• TASK DIRECTIONS: Return the entries verbatim and drop every picture.

══ TASK MATERIAL ══

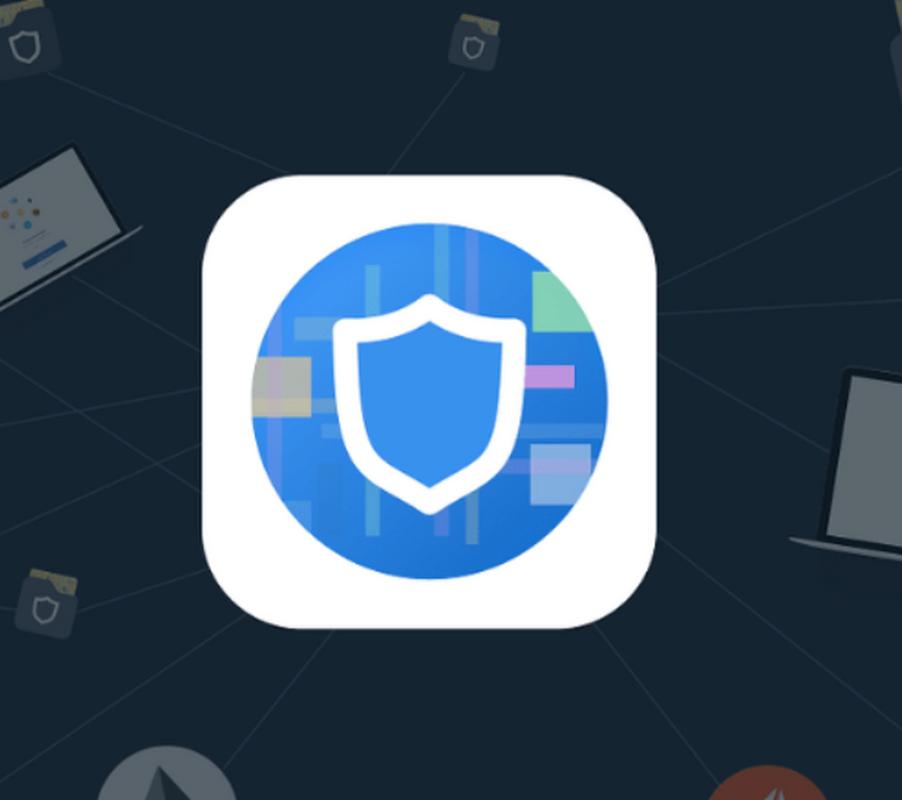 用户总结：从Trust Wallet最新版本下载中获得的实用技巧与教训！_最新qq版本下载_总结失败的经验和教训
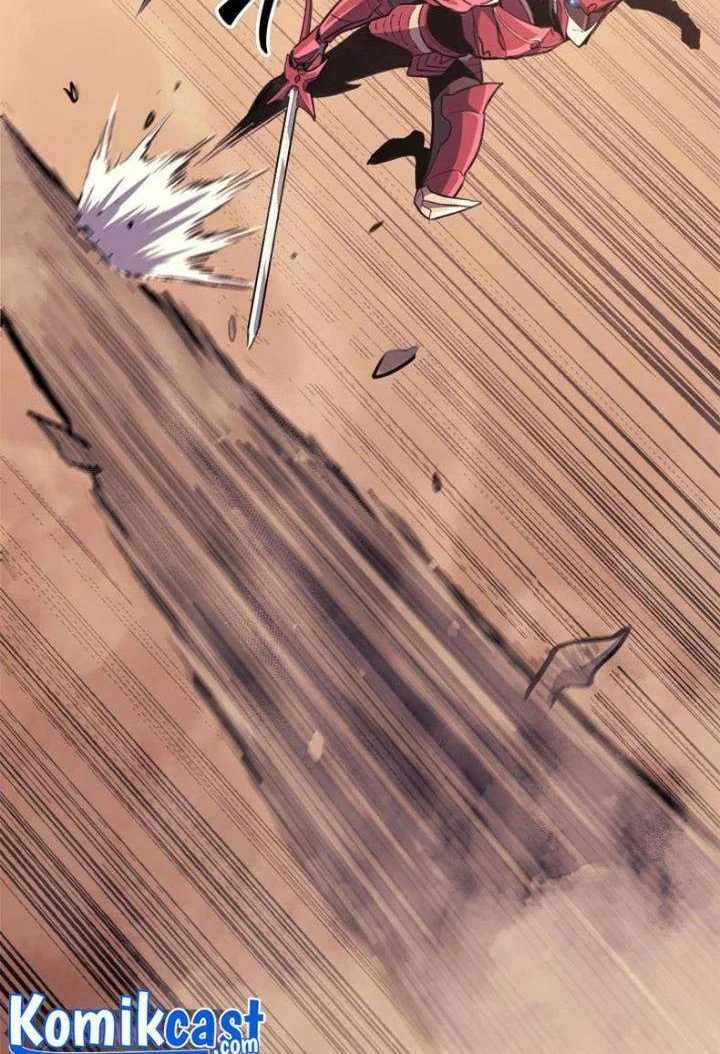 Chapter 112 - halaman 70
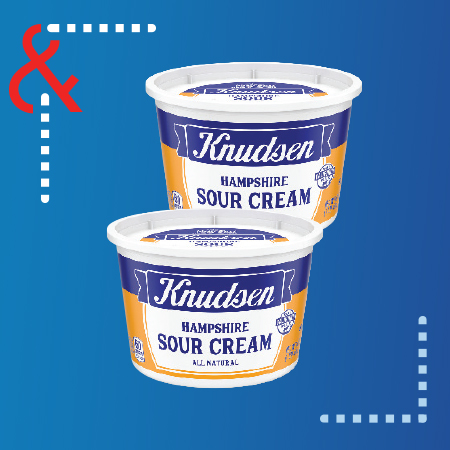 Knudsen
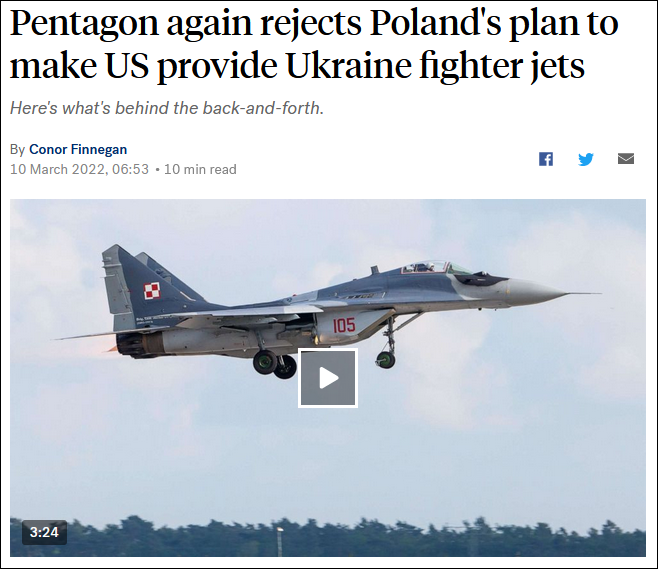 �����Ͳ���ս���������������س�Ƥ������˹��ŭ�ˣ��ⲻ�Ǵ�ƹ��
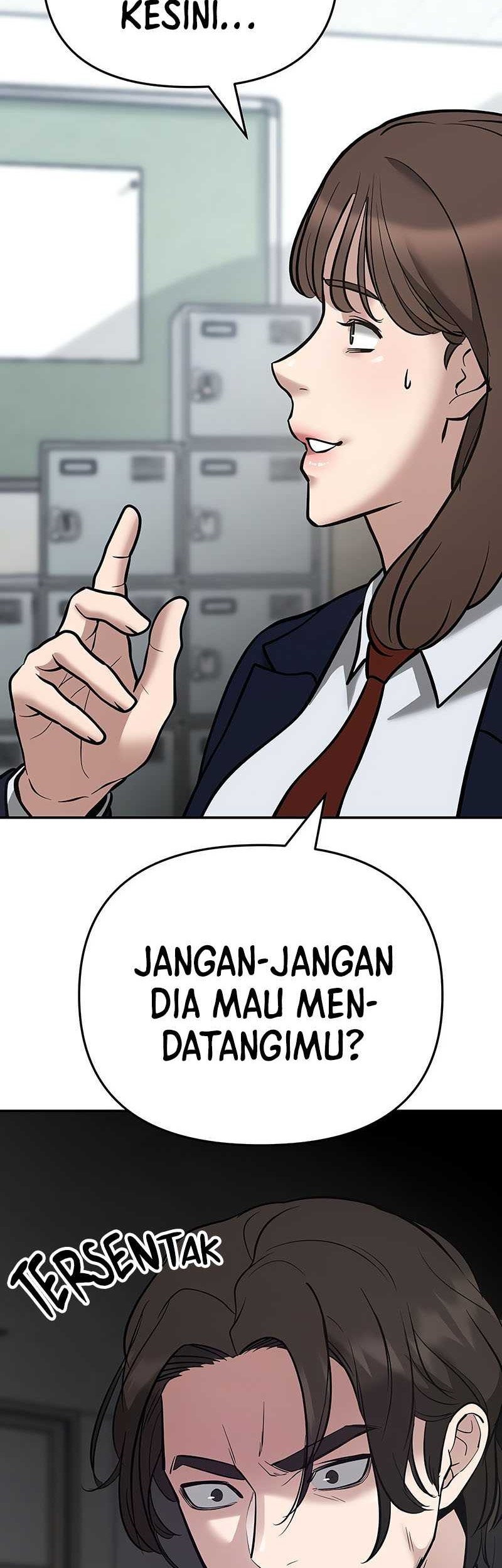 Chapter 38 - halaman 67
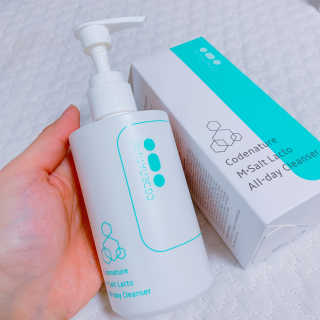 peach님이 올린 리뷰 사진 1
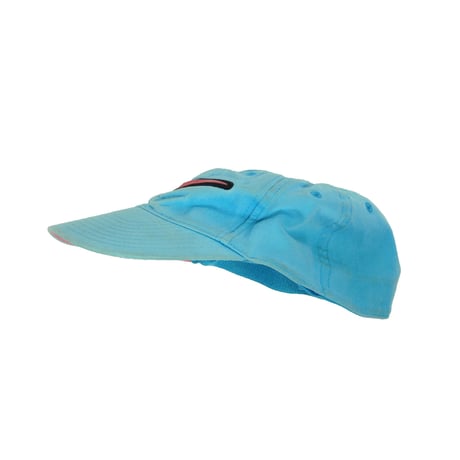USED "NIKE" KIDS CAP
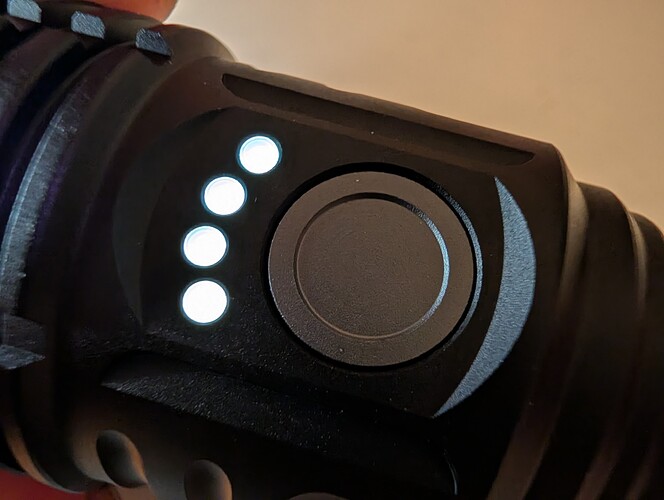 PXL_20251211_165921775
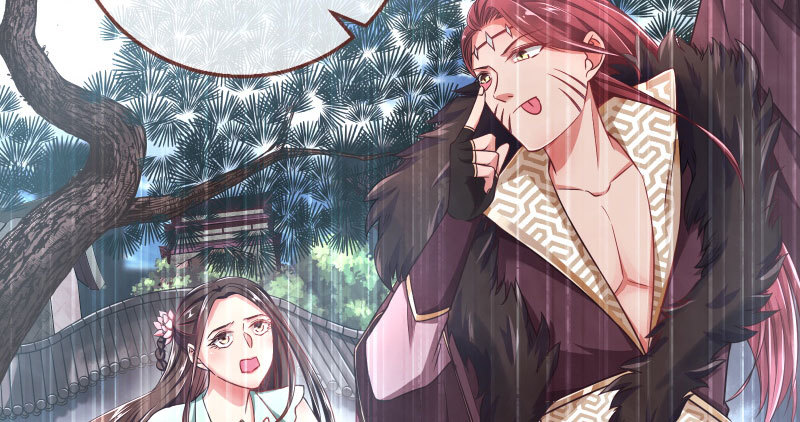 悲情小师妹 在线吃便当102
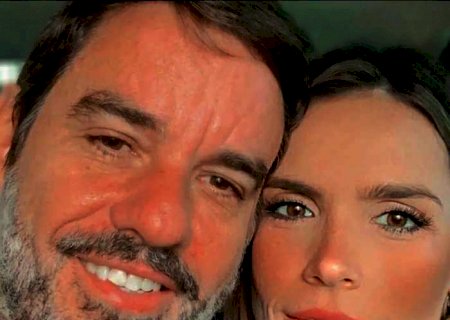 Tenente do exército simula assalto e mata marido em SP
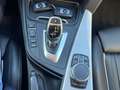 BMW 440 xDrive M Sport, LED, LEDER Schwarz - thumbnail 19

═══

• WRITTEN RESPONSE:
 用户总结：从Trust Wallet最新版本下载中获得的实用技巧与教训！_最新qq版本下载_总结失败的经验和教训
 Chapter 112 - halaman 70
 Knudsen
 �����Ͳ���ս���������������س�Ƥ������˹��ŭ�ˣ��ⲻ�Ǵ�ƹ��
 Chapter 38 - halaman 67
 peach님이 올린 리뷰 사진 1
USED "NIKE" KIDS CAP
 PXL_20251211_165921775
 悲情小师妹 在线吃便当102
 Tenente do exército simula assalto e mata marido em SP
 BMW 440 xDrive M Sport, LED, LEDER Schwarz - thumbnail 19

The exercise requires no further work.